TASK ITEM:
Until the last line is reached, keep transcribing the material exactly.

DATASET ENTRIES:
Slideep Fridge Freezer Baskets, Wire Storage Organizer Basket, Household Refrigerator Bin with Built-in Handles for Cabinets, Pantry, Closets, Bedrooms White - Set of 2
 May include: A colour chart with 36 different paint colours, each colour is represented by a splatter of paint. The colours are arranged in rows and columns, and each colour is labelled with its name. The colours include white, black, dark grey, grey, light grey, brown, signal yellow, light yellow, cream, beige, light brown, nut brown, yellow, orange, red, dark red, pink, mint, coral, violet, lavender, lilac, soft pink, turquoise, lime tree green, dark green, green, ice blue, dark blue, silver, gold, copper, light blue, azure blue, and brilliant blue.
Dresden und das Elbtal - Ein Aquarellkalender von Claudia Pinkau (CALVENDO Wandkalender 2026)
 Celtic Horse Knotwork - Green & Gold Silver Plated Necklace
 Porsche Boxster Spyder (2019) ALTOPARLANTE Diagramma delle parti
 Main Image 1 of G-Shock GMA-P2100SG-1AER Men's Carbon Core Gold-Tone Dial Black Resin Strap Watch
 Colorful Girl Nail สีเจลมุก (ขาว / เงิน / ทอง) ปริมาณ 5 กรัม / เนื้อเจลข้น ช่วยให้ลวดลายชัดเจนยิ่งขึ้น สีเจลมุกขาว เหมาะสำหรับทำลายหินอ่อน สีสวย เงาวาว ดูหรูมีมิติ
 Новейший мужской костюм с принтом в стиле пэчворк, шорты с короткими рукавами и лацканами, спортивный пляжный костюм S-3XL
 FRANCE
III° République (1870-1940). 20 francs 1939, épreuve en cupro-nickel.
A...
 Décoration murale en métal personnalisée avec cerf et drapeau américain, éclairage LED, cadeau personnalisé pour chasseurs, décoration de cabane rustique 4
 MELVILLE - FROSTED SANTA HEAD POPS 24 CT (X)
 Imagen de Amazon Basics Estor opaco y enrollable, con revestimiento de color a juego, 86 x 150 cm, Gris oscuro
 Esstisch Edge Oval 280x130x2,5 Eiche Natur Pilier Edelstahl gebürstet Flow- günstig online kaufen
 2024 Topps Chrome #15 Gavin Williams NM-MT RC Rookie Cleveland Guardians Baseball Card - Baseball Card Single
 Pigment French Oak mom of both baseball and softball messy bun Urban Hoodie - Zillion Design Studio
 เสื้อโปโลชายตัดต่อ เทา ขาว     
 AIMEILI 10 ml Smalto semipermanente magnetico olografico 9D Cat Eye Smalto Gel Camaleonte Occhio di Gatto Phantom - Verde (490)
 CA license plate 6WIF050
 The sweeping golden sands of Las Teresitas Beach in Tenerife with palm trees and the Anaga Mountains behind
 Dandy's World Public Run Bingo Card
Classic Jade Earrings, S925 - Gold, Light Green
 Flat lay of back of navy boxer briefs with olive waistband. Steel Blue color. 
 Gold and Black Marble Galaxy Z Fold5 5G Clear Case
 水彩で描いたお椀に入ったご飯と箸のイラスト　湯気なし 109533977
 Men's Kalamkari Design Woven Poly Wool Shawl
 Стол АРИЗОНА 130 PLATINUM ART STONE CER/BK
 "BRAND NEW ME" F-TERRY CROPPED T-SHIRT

YOUR SOLUTION:
Slideep Fridge Freezer Baskets, Wire Storage Organizer Basket, Household Refrigerator Bin with Built-in Handles for Cabinets, Pantry, Closets, Bedrooms White - Set of 2
 May include: A colour chart with 36 different paint colours, each colour is represented by a splatter of paint. The colours are arranged in rows and columns, and each colour is labelled with its name. The colours include white, black, dark grey, grey, light grey, brown, signal yellow, light yellow, cream, beige, light brown, nut brown, yellow, orange, red, dark red, pink, mint, coral, violet, lavender, lilac, soft pink, turquoise, lime tree green, dark green, green, ice blue, dark blue, silver, gold, copper, light blue, azure blue, and brilliant blue.
Dresden und das Elbtal - Ein Aquarellkalender von Claudia Pinkau (CALVENDO Wandkalender 2026)
 Celtic Horse Knotwork - Green & Gold Silver Plated Necklace
 Porsche Boxster Spyder (2019) ALTOPARLANTE Diagramma delle parti
 Main Image 1 of G-Shock GMA-P2100SG-1AER Men's Carbon Core Gold-Tone Dial Black Resin Strap Watch
 Colorful Girl Nail สีเจลมุก (ขาว / เงิน / ทอง) ปริมาณ 5 กรัม / เนื้อเจลข้น ช่วยให้ลวดลายชัดเจนยิ่งขึ้น สีเจลมุกขาว เหมาะสำหรับทำลายหินอ่อน สีสวย เงาวาว ดูหรูมีมิติ
 Новейший мужской костюм с принтом в стиле пэчворк, шорты с короткими рукавами и лацканами, спортивный пляжный костюм S-3XL
 FRANCE
III° République (1870-1940). 20 francs 1939, épreuve en cupro-nickel.
A...
 Décoration murale en métal personnalisée avec cerf et drapeau américain, éclairage LED, cadeau personnalisé pour chasseurs, décoration de cabane rustique 4
 MELVILLE - FROSTED SANTA HEAD POPS 24 CT (X)
 Imagen de Amazon Basics Estor opaco y enrollable, con revestimiento de color a juego, 86 x 150 cm, Gris oscuro
 Esstisch Edge Oval 280x130x2,5 Eiche Natur Pilier Edelstahl gebürstet Flow- günstig online kaufen
 2024 Topps Chrome #15 Gavin Williams NM-MT RC Rookie Cleveland Guardians Baseball Card - Baseball Card Single
 Pigment French Oak mom of both baseball and softball messy bun Urban Hoodie - Zillion Design Studio
 เสื้อโปโลชายตัดต่อ เทา ขาว     
 AIMEILI 10 ml Smalto semipermanente magnetico olografico 9D Cat Eye Smalto Gel Camaleonte Occhio di Gatto Phantom - Verde (490)
 CA license plate 6WIF050
 The sweeping golden sands of Las Teresitas Beach in Tenerife with palm trees and the Anaga Mountains behind
 Dandy's World Public Run Bingo Card
Classic Jade Earrings, S925 - Gold, Light Green
 Flat lay of back of navy boxer briefs with olive waistband. Steel Blue color. 
 Gold and Black Marble Galaxy Z Fold5 5G Clear Case
 水彩で描いたお椀に入ったご飯と箸のイラスト　湯気なし 109533977
 Men's Kalamkari Design Woven Poly Wool Shawl
 Стол АРИЗОНА 130 PLATINUM ART STONE CER/BK
 "BRAND NEW ME" F-TERRY CROPPED T-SHIRT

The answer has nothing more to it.